YOUR INSTRUCTIONS: Print nothing but the lines below starting at the line that holds "Forever 21 army green jacket" and ending at the line that holds "1878 Liberty Head", including both, each exactly as written.

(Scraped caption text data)
○ ○ ○ ○ ○ ○ ○

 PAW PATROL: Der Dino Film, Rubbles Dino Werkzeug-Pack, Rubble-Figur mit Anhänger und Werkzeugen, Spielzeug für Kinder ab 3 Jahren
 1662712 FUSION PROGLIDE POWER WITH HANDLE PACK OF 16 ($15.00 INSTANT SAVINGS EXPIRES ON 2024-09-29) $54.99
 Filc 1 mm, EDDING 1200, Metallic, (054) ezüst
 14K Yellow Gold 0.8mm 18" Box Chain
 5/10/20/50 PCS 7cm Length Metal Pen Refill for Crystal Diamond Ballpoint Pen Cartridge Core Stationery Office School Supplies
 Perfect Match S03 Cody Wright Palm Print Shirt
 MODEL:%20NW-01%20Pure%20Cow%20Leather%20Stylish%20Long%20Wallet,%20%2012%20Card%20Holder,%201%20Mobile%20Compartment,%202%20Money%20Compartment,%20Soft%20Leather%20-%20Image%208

○ ○ ○ ○ ○ ○ ○

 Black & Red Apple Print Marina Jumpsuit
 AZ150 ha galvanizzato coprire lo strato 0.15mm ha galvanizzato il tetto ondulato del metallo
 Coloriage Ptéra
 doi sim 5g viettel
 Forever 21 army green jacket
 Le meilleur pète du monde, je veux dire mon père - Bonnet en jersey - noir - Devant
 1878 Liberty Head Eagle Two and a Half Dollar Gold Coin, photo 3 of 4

○ ○ ○ ○ ○ ○ ○

YOUR SOLUTION:
 Forever 21 army green jacket
 Le meilleur pète du monde, je veux dire mon père - Bonnet en jersey - noir - Devant
 1878 Liberty Head Eagle Two and a Half Dollar Gold Coin, photo 3 of 4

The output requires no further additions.